▶ [Working data]:
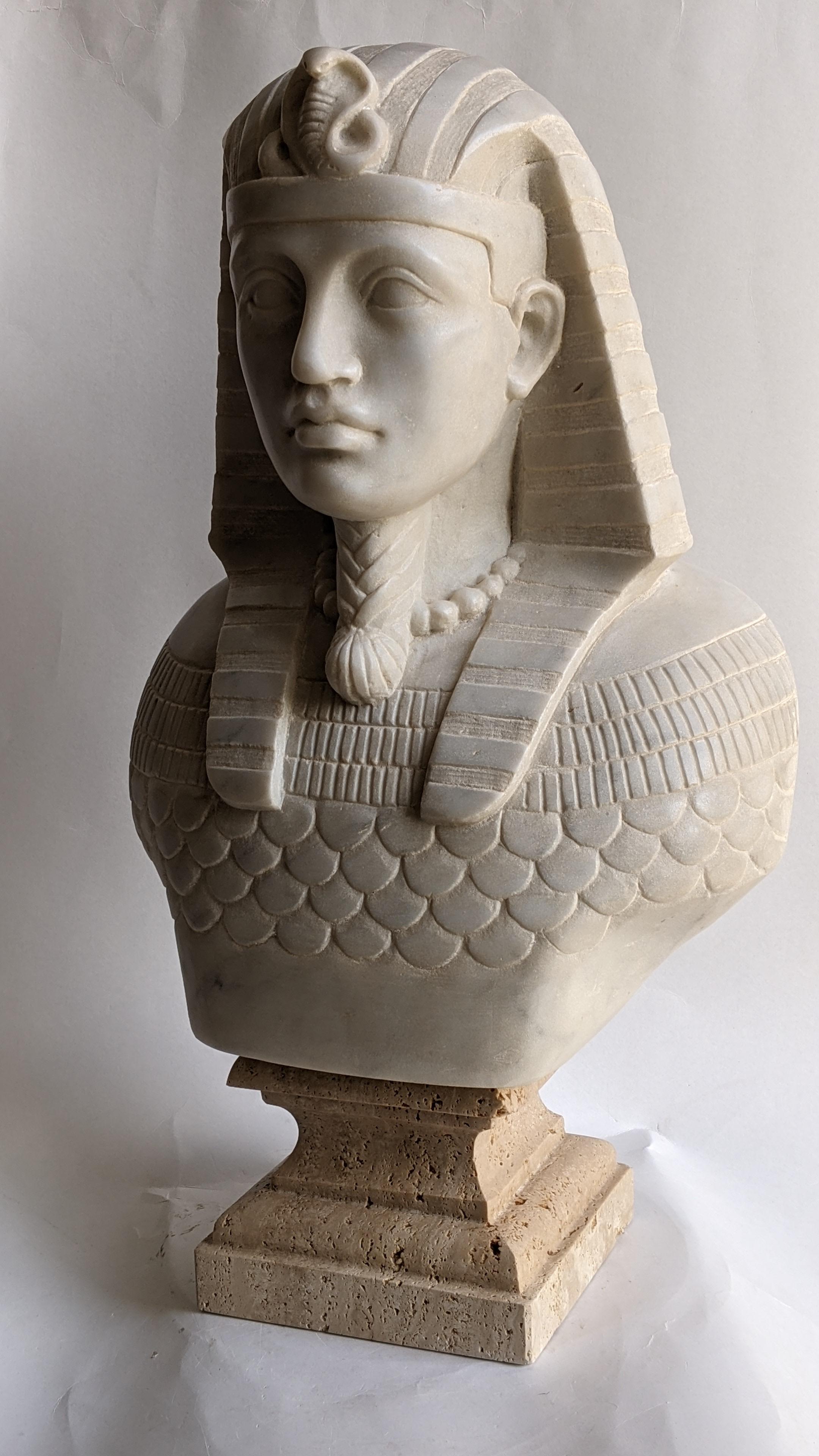 Hand-Crafted Bust of Egyptian pharaoh carved on white Carrara marble For Sale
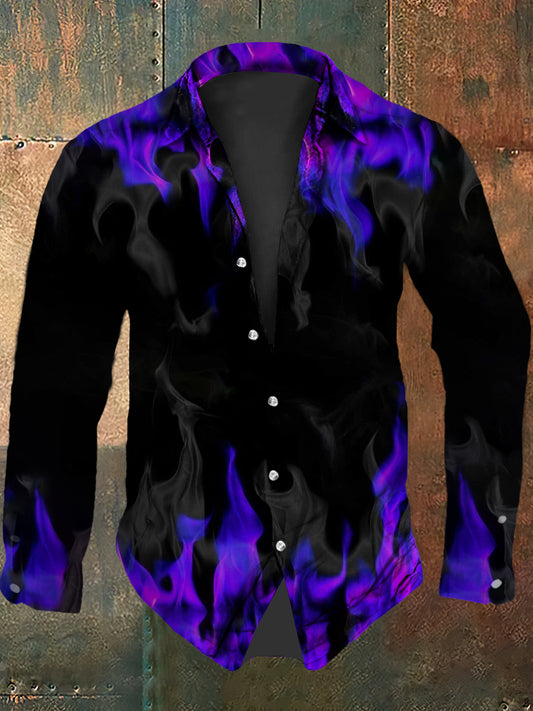 Herren Vintage Gothic Lila Flamme Rauch Abstrakt Print Lässiges Langärmliges Hemd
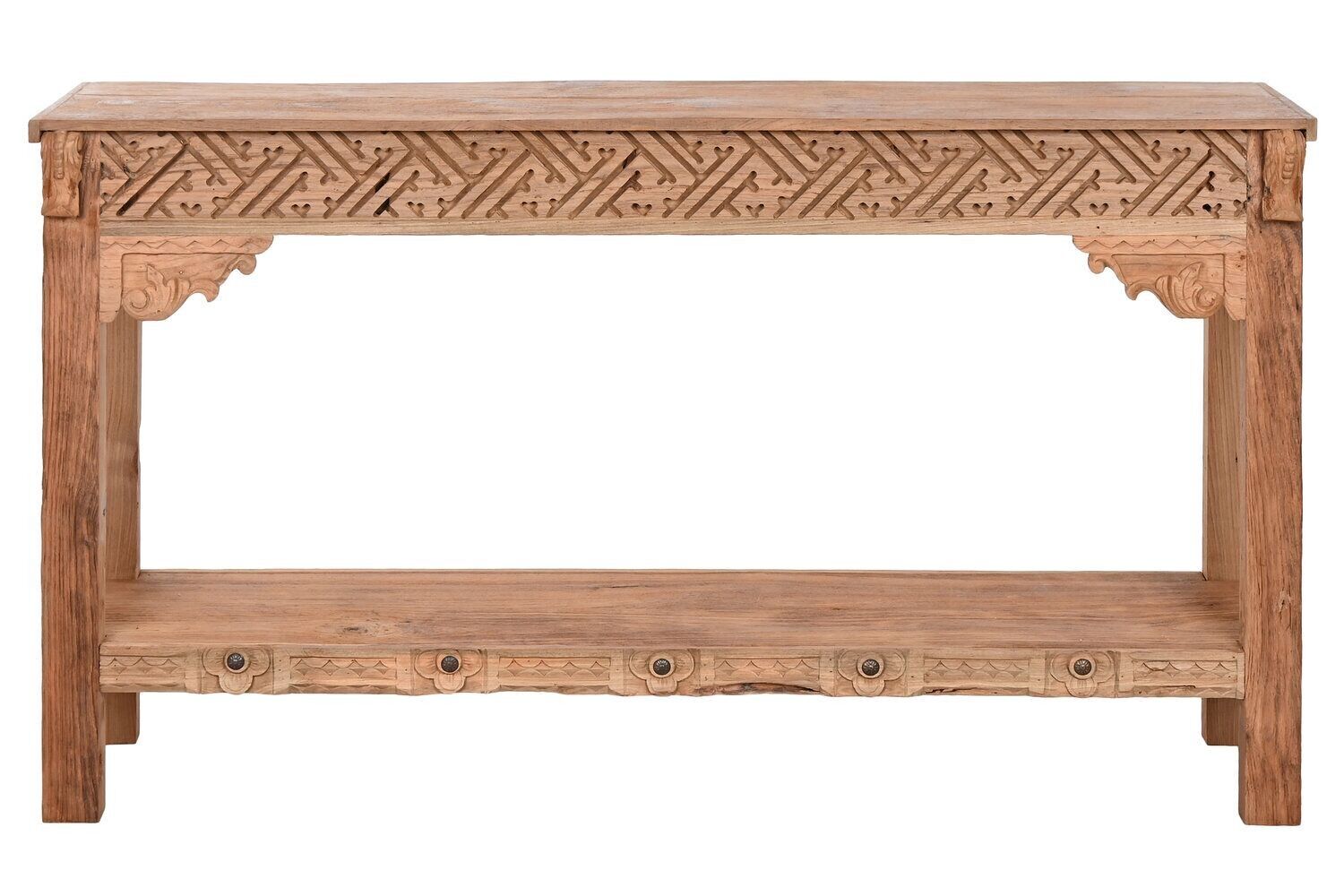 CONSOLE IN TEAK RICICLATO 140X37X80 NATURALE INTAGLIATO MB213879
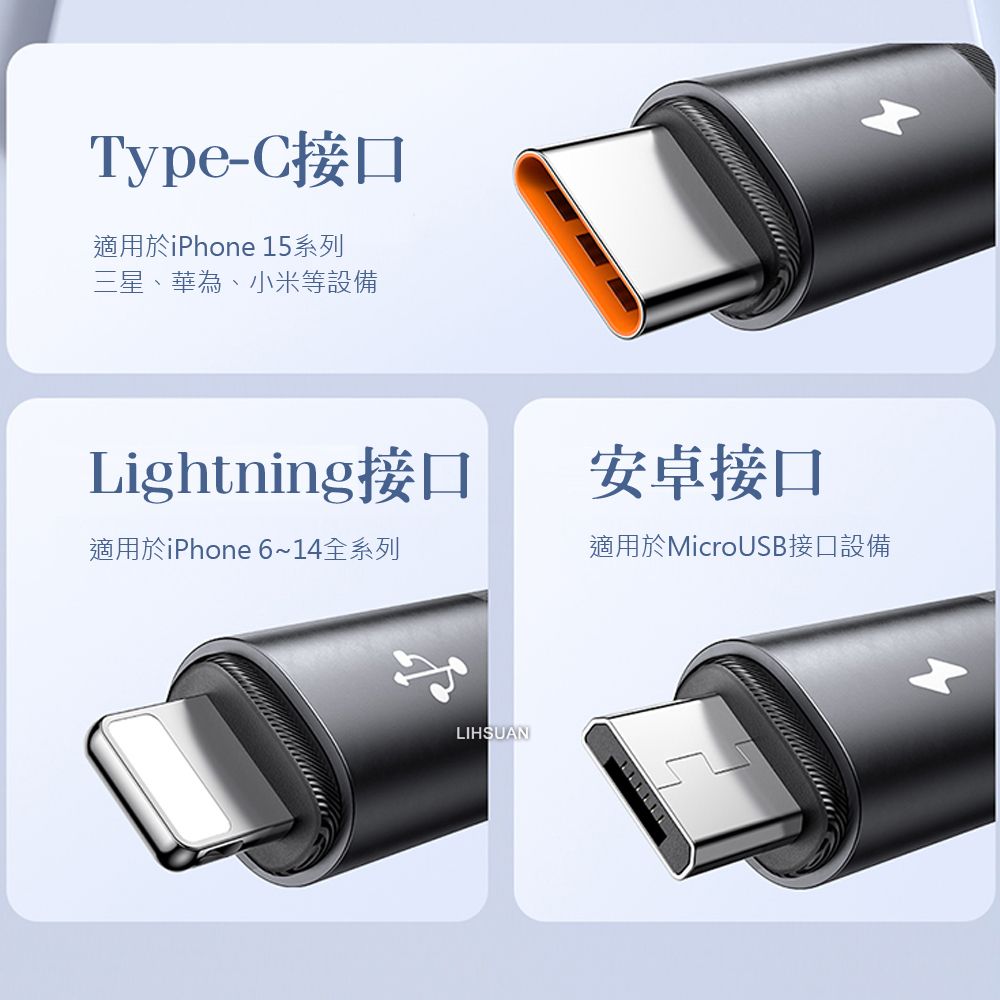 Mcdodo 麥多多  一分三 Lightning/安卓MicroUSB/Type-C/iPhone充電線傳輸線編織線 3.5A快充 LED 勁速 1.2M 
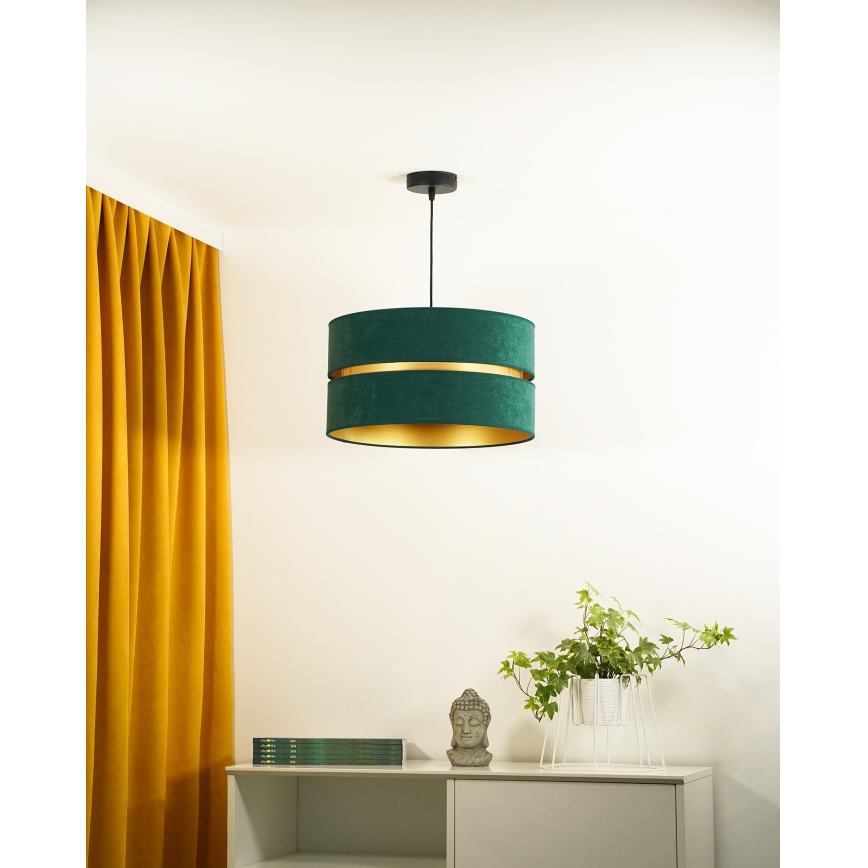 Duolla - Ljuskrona med textilsladd DUO 1xE27/15W/230V diameter 40 cm grön/guld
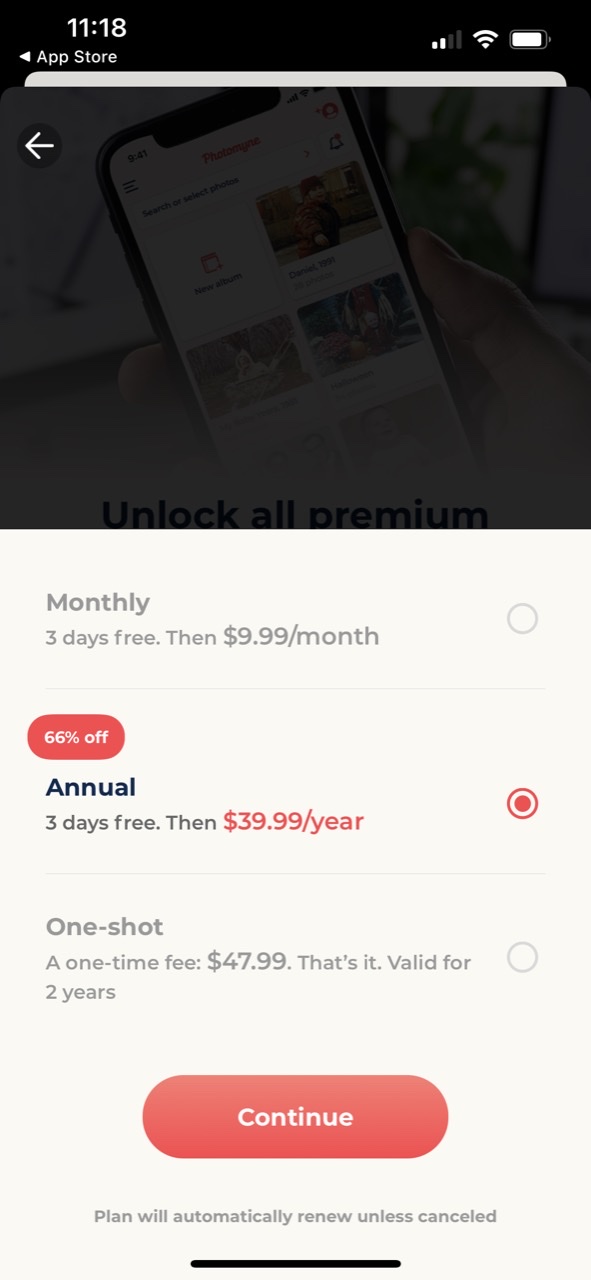 Photo Scan App by Photomyne — Paywall Screenshot (300K/mo)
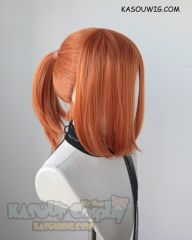 S-3 / SP15 pumpkin orange ponytail base wig with long bangs.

▶ [Exercise requirements]: This task calls for the lines from the line containing "Herren Vintage Gothic" through the end of the listing, set down exactly and only, with pictures omitted.

▶ [Task output]:
 Herren Vintage Gothic Lila Flamme Rauch Abstrakt Print Lässiges Langärmliges Hemd
 CONSOLE IN TEAK RICICLATO 140X37X80 NATURALE INTAGLIATO MB213879
 Mcdodo 麥多多  一分三 Lightning/安卓MicroUSB/Type-C/iPhone充電線傳輸線編織線 3.5A快充 LED 勁速 1.2M 
 Duolla - Ljuskrona med textilsladd DUO 1xE27/15W/230V diameter 40 cm grön/guld
 Photo Scan App by Photomyne — Paywall Screenshot (300K/mo)
 S-3 / SP15 pumpkin orange ponytail base wig with long bangs.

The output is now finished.